When non-whites are the authors, the main characters are just as generally non-white–there is an entire genre of television known as the “black sitcom“. This fiction is usually viewed as a counterweight to generally white fiction rather than as reverse racism, but if we sit down and watch one of these shows, we quickly see that all too often, the characters are not merely black, but they are black stereotypes, meant to not merely give black people characters to identify with, but characters that are theirs, that many white people cannot, by design, relate to. This makes racial targeting an explicit goal of the show, not an unintended side effect of the author’s tendency to self-bias. There are many black kids who love Star Wars, but there are not many white fans of the works of Tyler Perry. The racial bias of the former is incidental, the latter is intentional.
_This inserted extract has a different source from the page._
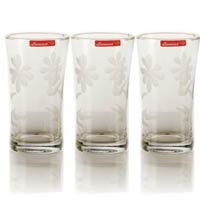 6 Pieces Glass Printed Water Tumbler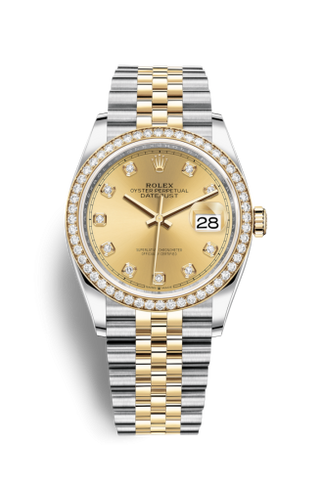 Rolex - 126283RBR-0003  Datejust 36 Stainless Steel / Yellow Gold / Diamond / Champagne Diamond / Jubilee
The reason whiteness is still generally default is that the authors of fiction and the owners of movie studios and publishing companies in our society still tend to be white. They inevitably think of their fiction and their characters as extensions of themselves and project their own identities and traits onto the worlds they create. Harris has her causes and effects reversed; making Harry Potter a frog or Santa a penguin is beside the point. If we really want an inclusive society, we need non-white content creators–black JK Rowlings and Stephen Spielbergs, not frog Potters. How do we get non-whites into those kinds of positions? By equalizing economic opportunity among the races.
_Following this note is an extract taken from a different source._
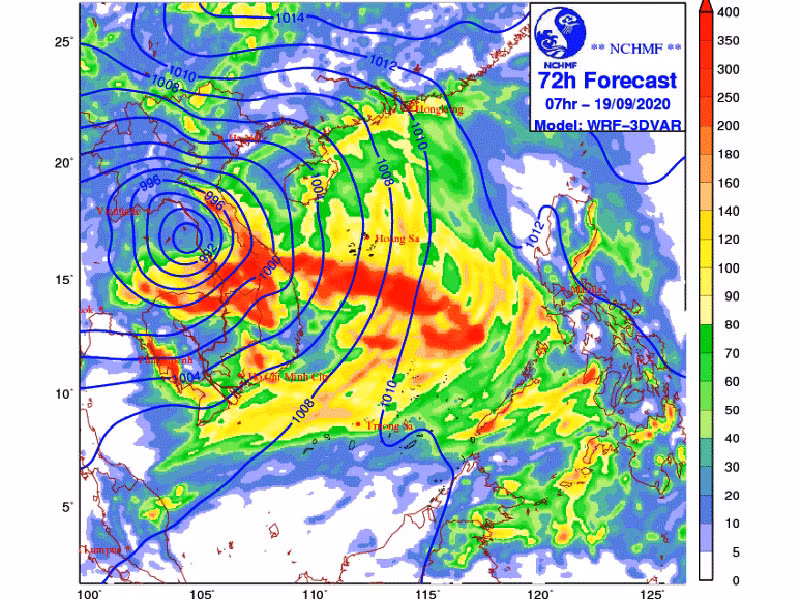 Bão số 5 sẽ gây mưa lớn trên cả nước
Black kids don’t need frog Potter, they need better schools, better home environments, and access to more resources. There’s a tendency for bourgeois intellectuals to begin commenting on racism as if it exists in a vacuum, as if all we need to do is change the way we talk or think about race. They forget that for the victims of racial inequality, the problem runs far deeper. They don’t merely “feel different”–these people are actually being systematically denied the economic opportunity necessary to pursue lives of their choosing. No progress on racial issues will be made so long as skin color is a reliable predictor of wealth. The rest of this is mere sideshow. For the average black person in America, the color of Santa Claus isn’t the problem, the problem is paying rent, or paying for college, or finding a decent school or job, and when we indulge in the mental masturbation of culture critique, we trivialize racism and ignore the terrible harms it still inflicts. When it comes to improving the life chances of black people in this country, Aisha Harris is doing no more work than Megyn Kelly.